Karst - a limestone terrain characterized by sinks, caverns, abrupt ridges, protuberant rocks and drainage characteristics due to greater solubility of limestone in natural waters than is common. The term is derived from the geographical name of part of Slovenia

Karst cave - a cave caused by dissolution of limestone by water

karyogamy - a process of fusion of the nuclei of two sex cells or gametes; the second step in syngamy

karyology - the study of the nucleus of a cell

karyolysis - the disintegration and dissolution of a cell nucleus upon death of the cell

karyorrhexis - the rupture of a cell nucleus, releasing disintegrated chromatin

karyotype - the entire chromosome complement of an individual cell, as seen during the mitotic phase

Kelvin scale - an absolute scale of temperature in which each degree equals one kelvin. Water freezes at 273.15 K and boils at 373.15 K

kenozooid - a small bryozoan heterozooid that strengthens and supports the colony, as well as fill spaces; long, branching, tubular, transparent stolons which extend above the substratum and to which the feeding individuals (autozooids) are attached

Image of small cays (keys)

A number of small keys (cays) in Jobos Bay, Puerto Rico.
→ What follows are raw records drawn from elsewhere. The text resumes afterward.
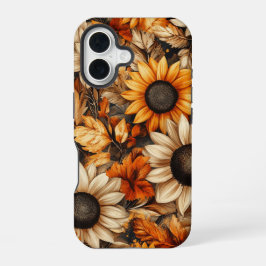 RODE ORANJE GELE HERFST ZONNEBLOEMEN iPhone 16 HOESJE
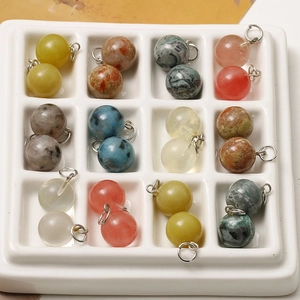 12mm round natural stone pendants with metal rings for jewelry making, 12 pairs set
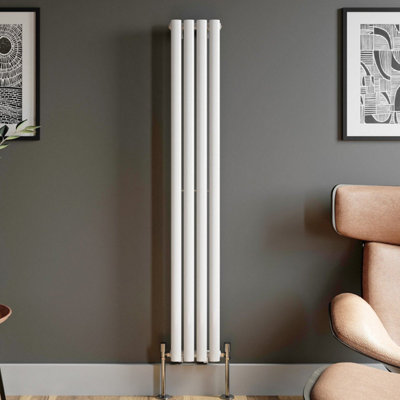 Agnite Designer Radiator Vertical White Oval Column Rads Single Panel ...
key - a small, low coastal island or emergent reef of sand or coral; flat mound of sand and admixed coral fragments built upon a reef flat or just above high tide level. A synonym of cay

key character - in taxonomy, a diagnostic character used in a taxonomic key

key stimulus - in ethology or animal behavior, the stimulus which releases a fixed action pattern

keystone predator - the dominant predator or the top predator that has a major influence on community structure

keystone species - a species that is disproportionately important in the maintenance and balance of its community integrity

kilobase (kb) - a length unit equal to 1000 base pairs of a double-stranded nucleic acid molecule; 1000 pairs of nucleotide bases in DNA

kindling fluorescent protein - a photoactivatable marker that turns itself off after a selectable period

kinetic energy - energy associated with motion

kinetics - the study of acceleration, motion, or rate of change

kinetochore - a structure forming at the centromere during mitosis for binding microtubules; a platelike structure necessary for chromosomal movement during mitosis; it develops on the centromere and links the chromosomes to the mitotic spindle

kingdom - in taxonomy, the highest ranked category in the taxonomic hierarchy. All organisms are classified into one of five kingdoms: Monera (the prokarytic Kingdom. Includes archaebacteria, eubacteria and cyanobacteria); Protista (unicellular eukaryotes); Fungi (yeasts and mushrooms); Plantae (plants); and Animalia (animals). Some scientists recognize slightly different classification schemes

kinocilium - a minute short cellular hair-like process (microvillus) responsible for locomotion in motile unicellular organisms, or in higher forms, generates a current of fluid

knee root - an aerial root of a mangrove that emerges from the ground then loops back in. It is also called a peg root. It is not clear whether knee roots have a role in respiration

knob - a projecting structure on the reef margin or reef front wherein the upper surface flares outward, giving the surface a greater diameter then the basal section

knoll - a small reef within the lagoon or on shallow shelves

knot - The unit of speed used in navigation that is equal to 1 nautical mile (6,076.115 ft or 1,852 m) per hour

Koch's Postulates - a set of criteria for judging whether a given bacterium is the cause of a given disease; a useful benchmark in judging whether there is a cause-and-effect relationship between a bacteria (or any other type of microorganism) and a clinical disease. The postulates are as follow: The bacteria must be present in every case of the disease; The bacteria must be isolated from the host with the disease and grown in pure culture; The specific disease must be reproduced when a pure culture of the bacteria is inoculated into a healthy susceptible host; The bacteria must be recoverable from the experimentally infected host

Krebs cycle - a series of enzymatic reactions in mitochondria involving oxidative metabolism of acetyl compounds to produce high-energy phosphate compounds that are the source of cellular energy ; also known as the tricarboxylic acid (TCA) cycle and as the citric acid cycle

Aerial image of Kure Atoll; Hawaiian monk seals

Photos: (Left) The Kure Atoll Reserve Preservation Area includes approximately 17 square nautical miles (57 square kilometers) of submerged coral reef habitats; (Right) An endangered Hawaiian monk seal and her pup. (Photos: NOAA)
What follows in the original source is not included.